Tested: Lowrance Structure Scan 3D
  |  First Published: July 2016

It seems that almost yearly there are new advances in sonar technology. For long periods, small changes were the norm with nothing out of the ordinary coming out, that is to say, nothing mind-blowing. Now we are lucky enough to get to see exciting new products almost yearly!

Much like how smart phones develop, so is our fish finding technology! Some may call it an unfair advantage, but I think any advantage we can get over the fish is worth using. I enjoy catching fish! Having said that, this review is on a product that Navico (the parent company of Lowrance and Simrad) have recently launched – Structure Scan 3D.

What exactly is it?

So what do they mean by 3D? Well, firstly let’s go back one step. If you have any experience with fish finders over the past few years, you will have heard about or used or even owned a sounder with Side Scan capabilities. That is, a sounder that can scan either side of the boat, not just directly underneath.

These images appear flat as they are basically a floor plan view. There are cues you can use to gauge the depths and heights of objects, but for the most part, gaining information on the height of an object in the water column was achieved by going directly above.

Structure Scan 3D now adds the height aspect of what we see on Side Scan to help anglers better understand what is going on beneath us. As an example that I can easily relate to, as an architect, looking at floor plans of a house can only give you so much information. It is only once you read the floor plan in conjunction with the front and side views and 3D perspectives that you can fully understand and appreciate what it is you are looking at.
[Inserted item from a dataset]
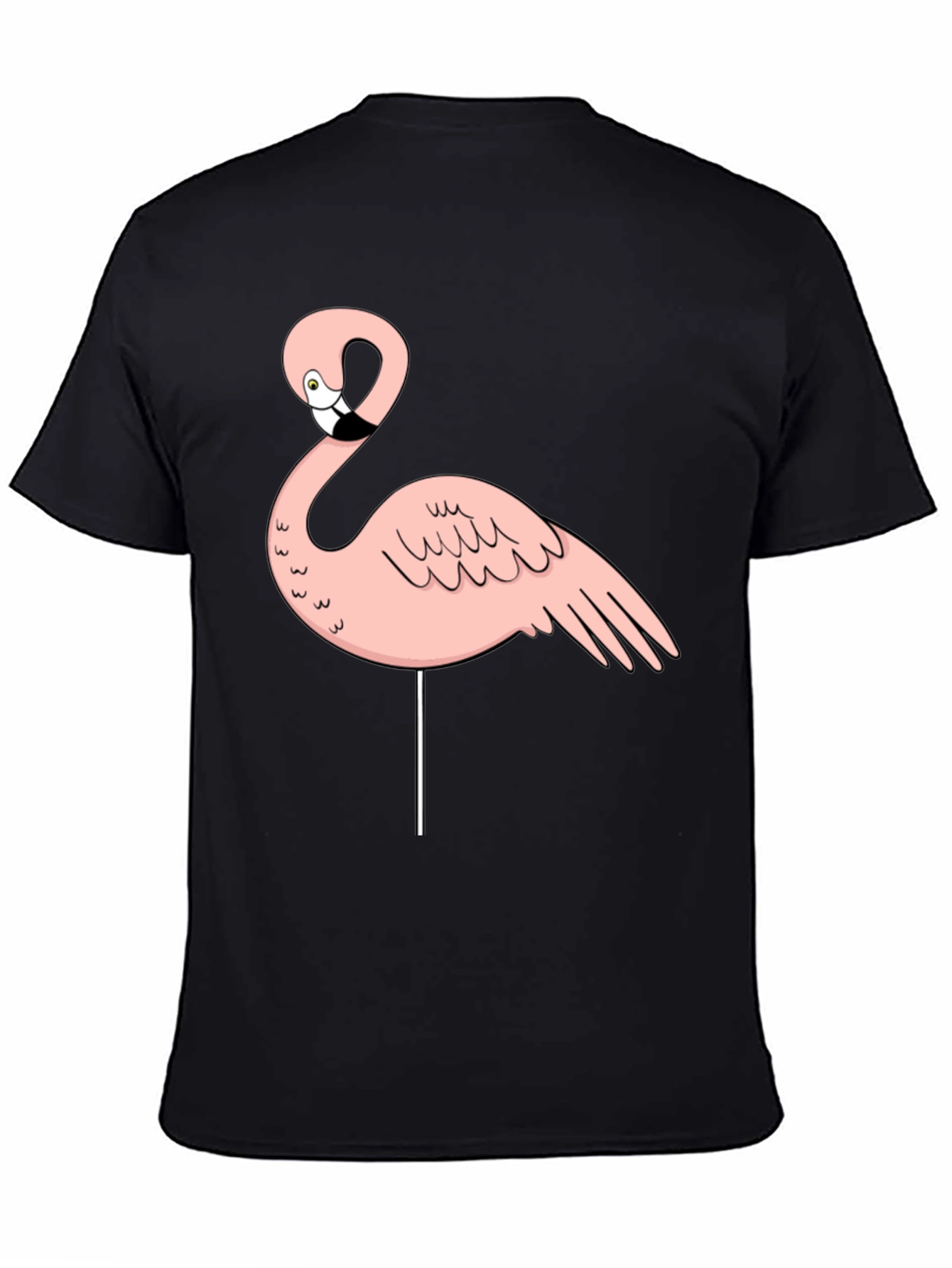 Flamingo Graphic Tee - Black Cotton Blend - 4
This is where structure scan 3D comes into its own. Anglers often struggle to grasp how to read the Side Scan images, as it can be tricky to understand the concept from just one image. The new 3D now makes things a little easier by putting the seabed and the boat into perspective, basically adding an extra view to help us understand.

As we drive around, we are given a 3D view of what is underneath and to the side of the boat. Any objects that protrude from the bottom will be easily detected. This is great for sounding reef or bommies.
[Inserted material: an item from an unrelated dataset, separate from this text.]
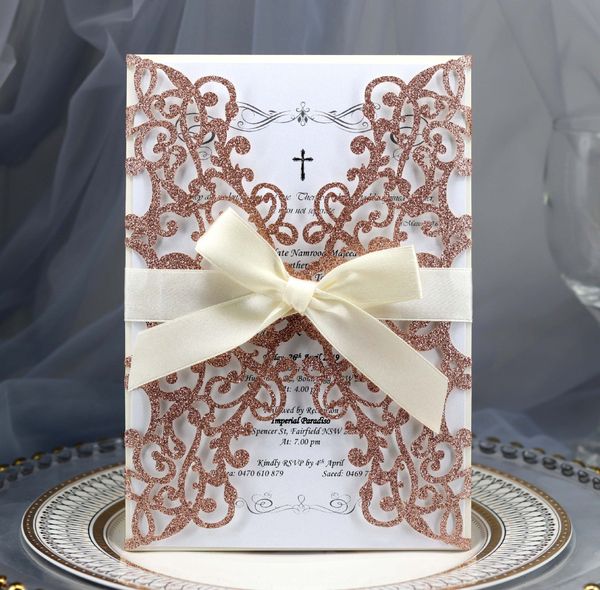 2019 gold glitter luxury rose gold rsvp invitation cards with beige ribbon for wedding bridal shower engagement birthday business graduation hindu make rsvp cards online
Fish are also shown on 3D as small dots in the water column. We can now see how far away from the boat they are and in what depth of water they are sitting. These fish can be easily marked by touching the screen and creating a new waypoint.

Shots in action

To give you a bit of an idea, below are a few screen shots with some explanations of what you are looking at. These were taken on the Gold Coast.

Below is a typical image that Structure Scan 3D will display. The orange cone also known as the ‘Leading Edge’ shows the area that is currently being scanned. We can also see that any current waypoints we have will show up as we drive through the area. This is handy when you have marked a school of fish and are positioning the boat to anchor or drift through the school.
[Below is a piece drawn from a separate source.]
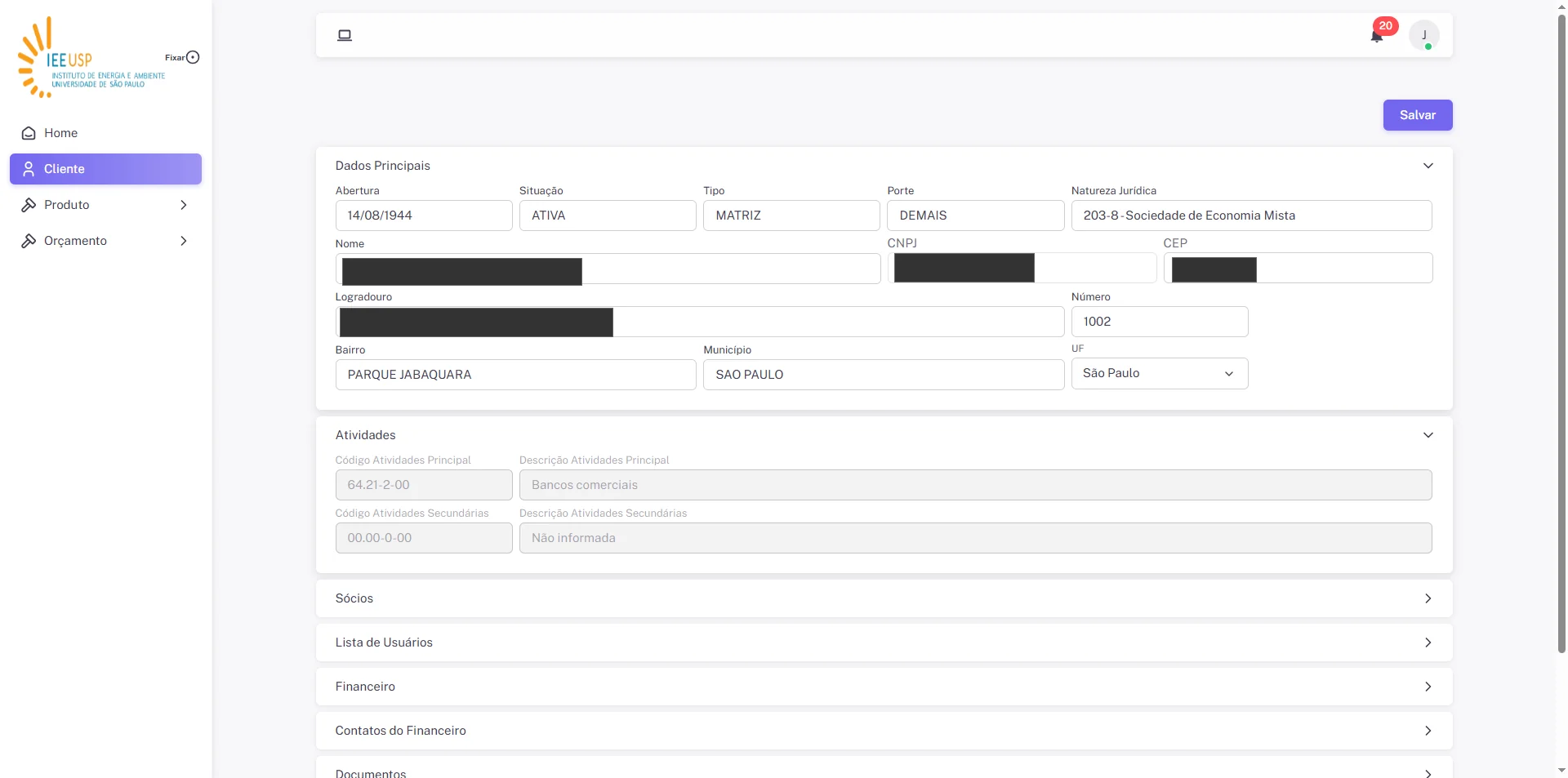 Screenshot showing Clique em 'Atividades'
The next image was taken at the same time, although this time the screen was panned to change the direction of the view. We are able to move 180° around the boat to view from different angles.

The last image shows a view from behind the boat, on the left hand side we can see the structure coming up. This was actually a rocky reef that met with a sand edge. You can see the contoured ‘jagged’ nature of the bottom and where it meets with the flat ground.

Install and compatibility

The Structure Scan 3D is an addition to Lowrance HDS Gen3 and Simrad NSS Evo 2 models. It comprises of a Sonar Module and a new Transducer. This new transducer now has 7 elements as opposed to 3 in previous models. These now allow for greater coverage and clarity. Side Scan is now greatly enhanced, with the ability to scan more than double the area that we were previously able to.

The installation process is simple, fit the Lss3 (3D) transducer and plug it straight into the Sonar Module. The sonar module then connects to your HDS or Simrad unit. The sonar module will need to be powered and wired up to a power source.

It will be very interesting to see how anglers use this new technology to help them locate and catch more fish. For me, the enhanced Side Scan coverage and clarity is just mind-blowing. That in itself has made the upgrade worthwhile! It is only very new tech, and in it’s early days, so I’m sure there is still plenty to learn, it is definitely a handy tool to add to the arsenal and I’m looking forward to playing with it more.